Token-Aware Text Chunking for RAG Pipelines in PHP
Introduction
You're building a RAG pipeline in PHP. A user uploads a 40-page PDF, and you need to split it into chunks that fit within your embedding model's token limit. The naive approach — cutting every N characters — splits mid-sentence, breaks context, and produces chunks that retrieve poorly.
Character count doesn't map cleanly to token count. The sentence "El precio es $3.14 por unidad" is 31 characters but only 10 tokens. A URL like https://example.com/api/v2/users?page=1&limit=50 is 49 characters but 20+ tokens. Splitting by characters means you're either wasting token budget or overflowing it.
What you need is a chunker that speaks tokens — one that splits on sentence boundaries, respects a hard token limit per chunk, and handles edge cases like sentences longer than the limit itself. In this article, we'll build exactly that.
The Three-Layer Strategy
Our chunker uses a hierarchical splitting approach:
Input text
│
▼
┌───────────────────────┐
│ Layer 1: Sentences │ Split on sentence boundaries
│ (regex-based) │ using punctuation + whitespace
└──────────┬────────────┘
▼
┌───────────────────────┐
│ Layer 2: Token Packing │ Pack sentences into chunks
│ (greedy bin-packing) │ that fit the token limit
└──────────┬────────────┘
▼
┌───────────────────────┐
│ Layer 3: Fallback │ Character-level split for
│ (character-level) │ sentences exceeding the limit
└───────────────────────┘Each layer handles a different granularity. Most text flows through layers 1 and 2. Layer 3 only activates for pathological cases — a base64 blob, a minified JSON block, or a URL-heavy paragraph with no sentence boundaries.
Layer 1: Sentence-Aware Splitting
Splitting on sentences sounds simple until you encounter "The price is $3.14. Next item." — a naive split on . followed by space would break after 3., producing a fragment.
This regex handles the common edge cases:
const SPLIT_SENTENCE_REGEX =
'/(?<!\b[0-9]\.)(?<![0-9])(?<=[.!?。?!])(?!\d)\s+/u';Breaking it down:
| Fragment | Purpose |
|---|---|
(?<!\b[0-9]\.) | Don't split after a decimal like 3. |
(?<![0-9]) | Don't split when preceded by a digit |
(?<=[.!?。?!]) | Split after sentence-ending punctuation |
(?!\d) | Don't split if a digit follows (e.g., v2.0 is...) |
\s+ | Consume the whitespace between sentences |
/u | Unicode mode for CJK punctuation (。?!) |
The lookbehind assertions prevent false splits on decimal numbers, version strings, and abbreviations, while the Unicode flag handles Chinese, Japanese, and other languages that use full-width punctuation.
$sentences = preg_split(
self::SPLIT_SENTENCE_REGEX,
$text,
-1,
PREG_SPLIT_DELIM_CAPTURE | PREG_SPLIT_NO_EMPTY
);TIP
The PREG_SPLIT_NO_EMPTY flag filters out empty strings that preg_split sometimes produces at boundaries. Without it, you'd need to manually filter blanks in the packing loop.

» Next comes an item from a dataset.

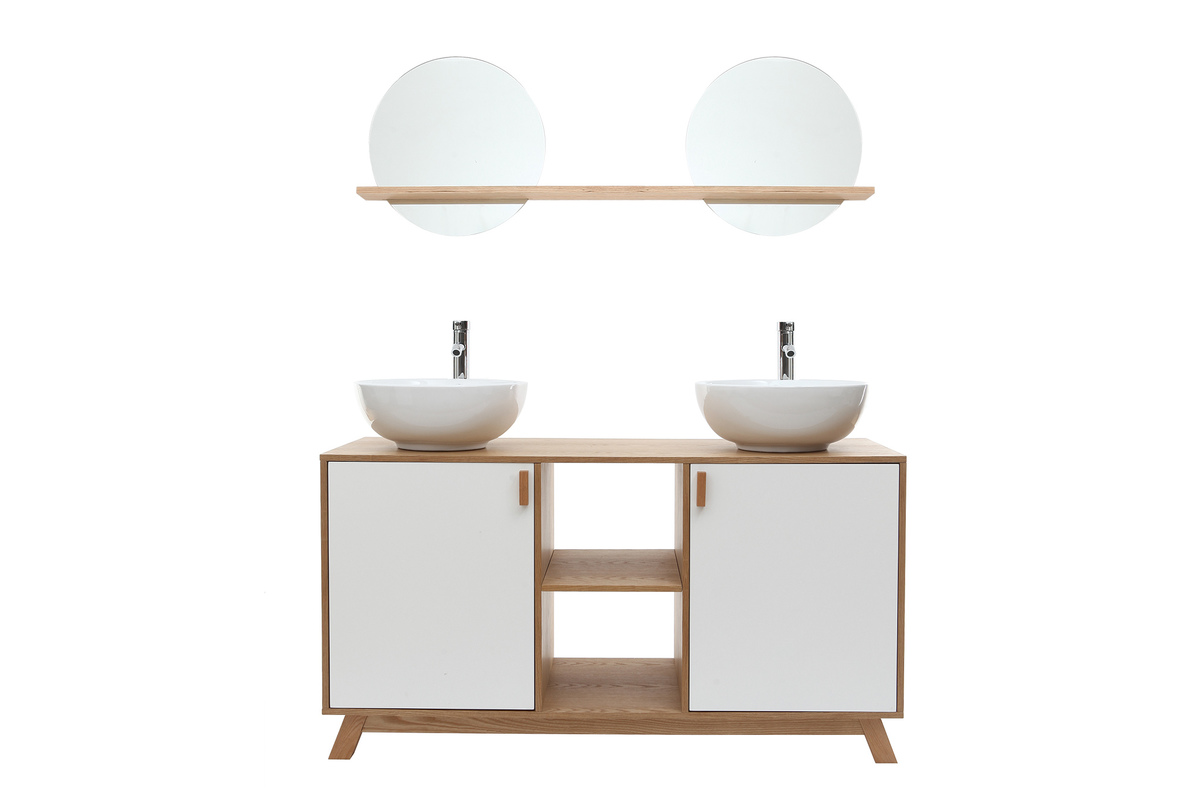 Mobile da bagno: 2 lavabi 2 porte Quercia chiaro e Bianco TOTEM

Layer 2: Token-Counting Greedy Packing
With sentences extracted, we pack them into chunks using a greedy algorithm: add sentences to the current chunk until the next one would exceed the token limit, then start a new chunk.
public static function splitTextIntoTokenChunks(
string $text,
int $token_limit_per_chunk
): array {
$chunks = [];
$current_chunk = '';
$sentences = preg_split(
self::SPLIT_SENTENCE_REGEX,
$text,
-1,
PREG_SPLIT_DELIM_CAPTURE | PREG_SPLIT_NO_EMPTY
);
if (empty($sentences)) {
if (TokenizerX::count($text) <= $token_limit_per_chunk) {
return $text ? [$text] : [];
}
return self::splitLongWord($text, $token_limit_per_chunk);
}
foreach ($sentences as $sentence) {
$sentence = trim($sentence);
if (empty($sentence)) {
continue;
}
$sentence_token_count = TokenizerX::count($sentence);
// Layer 3 trigger: sentence exceeds the limit on its own
if ($sentence_token_count > $token_limit_per_chunk) {
if ($current_chunk) {
$chunks[] = $current_chunk;
}
$sub_chunks = self::splitLongWord(
$sentence,
$token_limit_per_chunk
);
$chunks = array_merge($chunks, $sub_chunks);
$current_chunk = '';
continue;
}
// Try adding the sentence to the current chunk
$test_chunk = $current_chunk
? $current_chunk . ' ' . $sentence
: $sentence;
$test_chunk_tokens = TokenizerX::count($test_chunk);
if ($test_chunk_tokens <= $token_limit_per_chunk) {
$current_chunk = $test_chunk;
} else {
// Doesn't fit — finalize current chunk, start new one
if ($current_chunk) {
$chunks[] = $current_chunk;
}
$current_chunk = $sentence;
}
}
if ($current_chunk) {
$chunks[] = $current_chunk;
}
return $chunks;
}The key detail is the $test_chunk approach — we count tokens on the combined string (current chunk + space + new sentence), not on the sentence alone. This matters because tokenizers don't produce additive counts: tokens("A B") ≠ tokens("A") + tokens("B"). The space between sentences might merge with adjacent characters into a single token, or word boundaries might shift. By counting the combined string, we get the true token cost.
WARNING
Avoid the temptation to track a running $current_chunk_tokens counter and add $sentence_token_count to it. Token counts are not additive across concatenation. Always re-count the combined string.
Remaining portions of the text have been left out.